▶ **Problem description**: Whatever precedes the line containing "Luxury Rebel Purple Snake Print Heels" is not copied; that line and every line after it through the final one below are copied exactly, except pictures.

::::

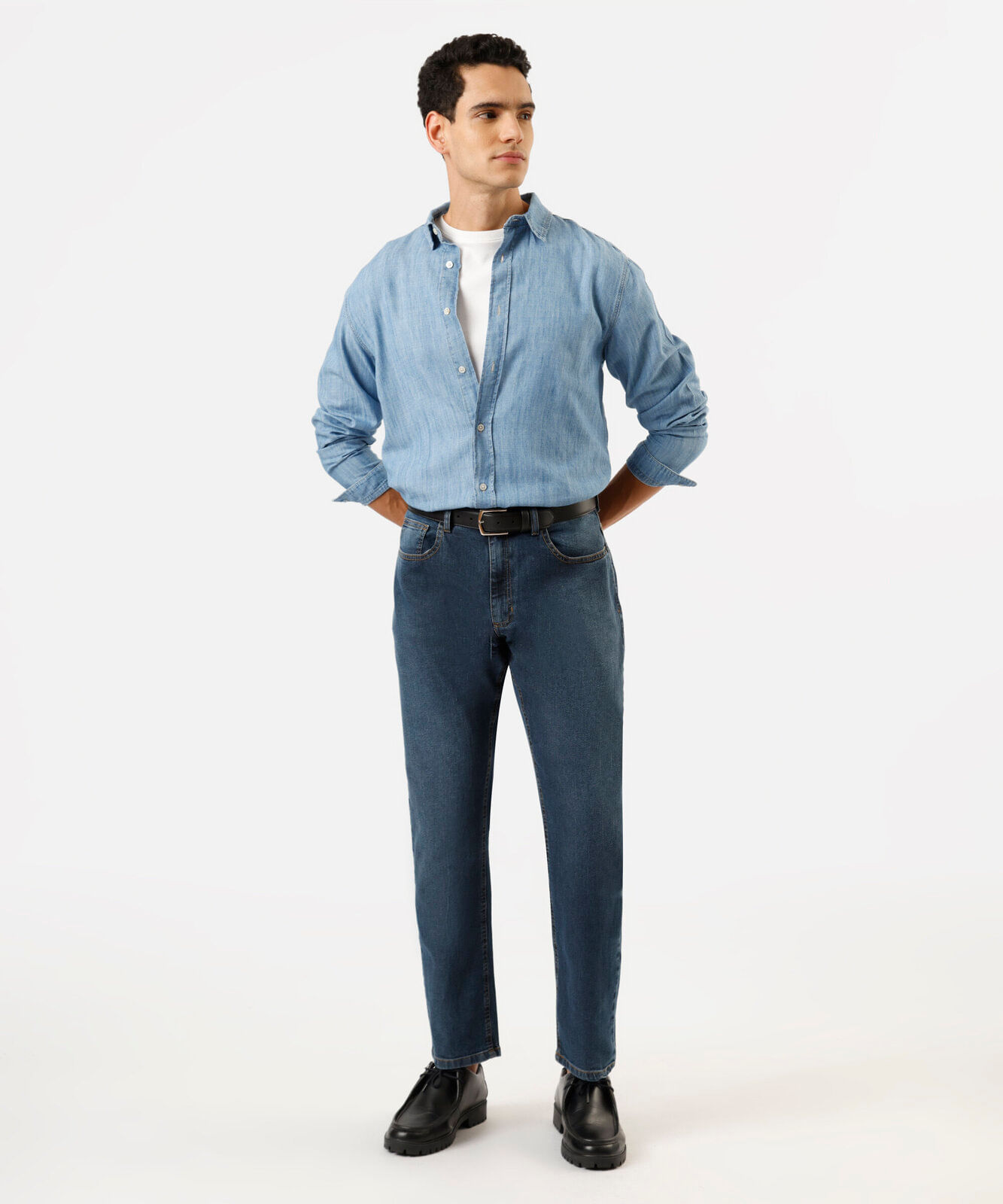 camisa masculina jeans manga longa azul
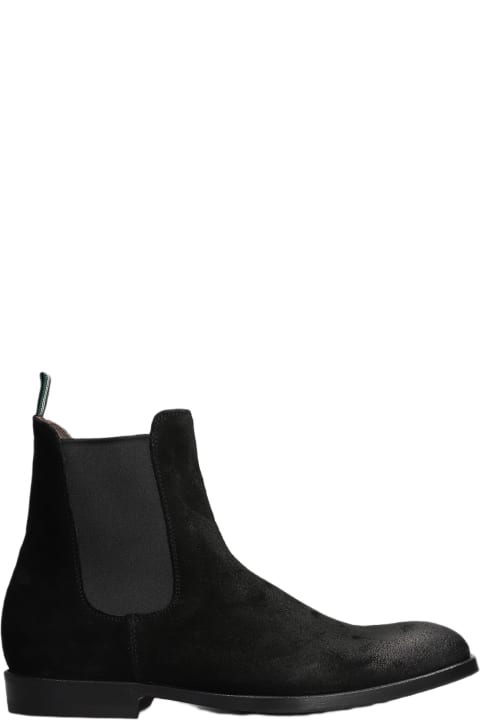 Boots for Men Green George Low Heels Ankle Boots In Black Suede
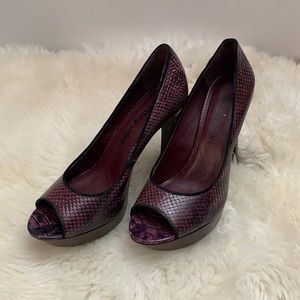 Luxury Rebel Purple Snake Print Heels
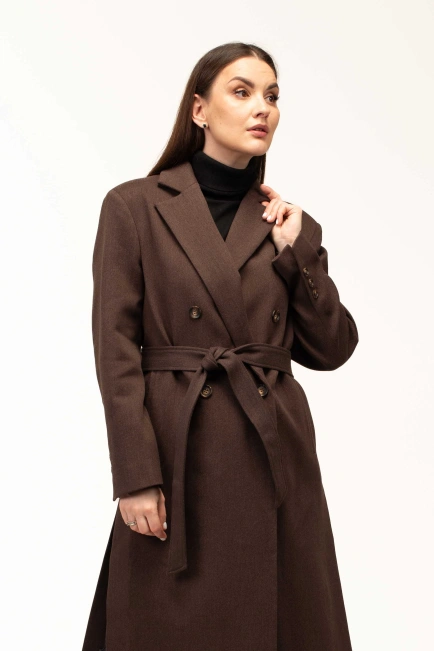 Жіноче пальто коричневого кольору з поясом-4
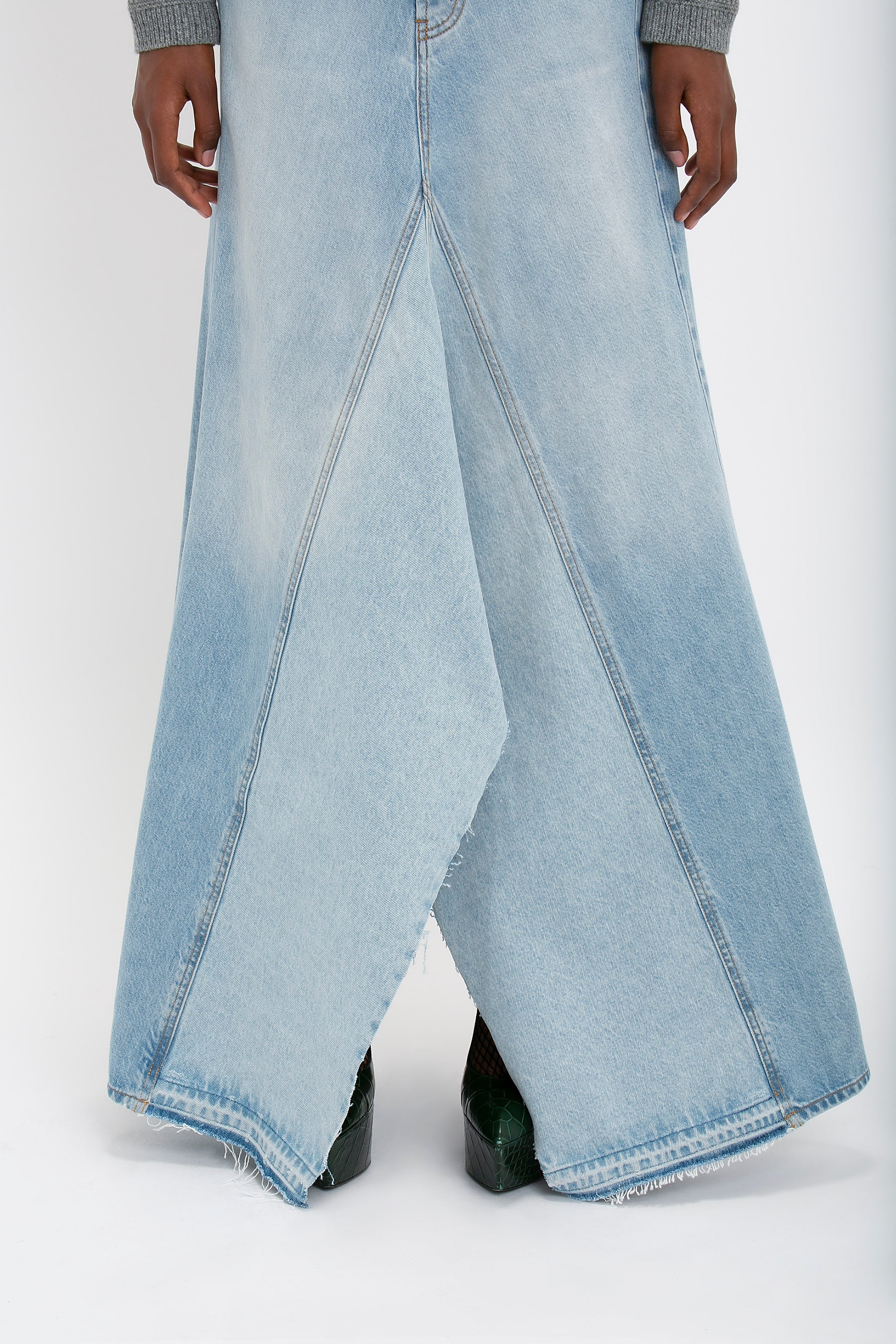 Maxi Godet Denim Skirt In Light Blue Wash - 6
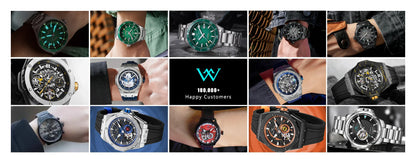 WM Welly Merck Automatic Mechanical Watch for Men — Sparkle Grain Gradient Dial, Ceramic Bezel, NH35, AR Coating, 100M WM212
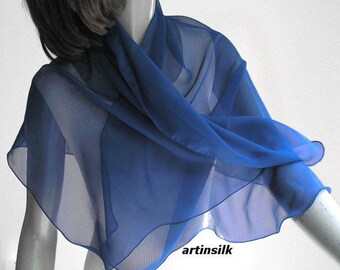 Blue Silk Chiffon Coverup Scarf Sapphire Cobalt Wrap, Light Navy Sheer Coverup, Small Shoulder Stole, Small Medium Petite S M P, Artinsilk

::::

▶ **Answer area**:
 Luxury Rebel Purple Snake Print Heels
 Жіноче пальто коричневого кольору з поясом-4
 Maxi Godet Denim Skirt In Light Blue Wash - 6
 WM Welly Merck Automatic Mechanical Watch for Men — Sparkle Grain Gradient Dial, Ceramic Bezel, NH35, AR Coating, 100M WM212
 Blue Silk Chiffon Coverup Scarf Sapphire Cobalt Wrap, Light Navy Sheer Coverup, Small Shoulder Stole, Small Medium Petite S M P, Artinsilk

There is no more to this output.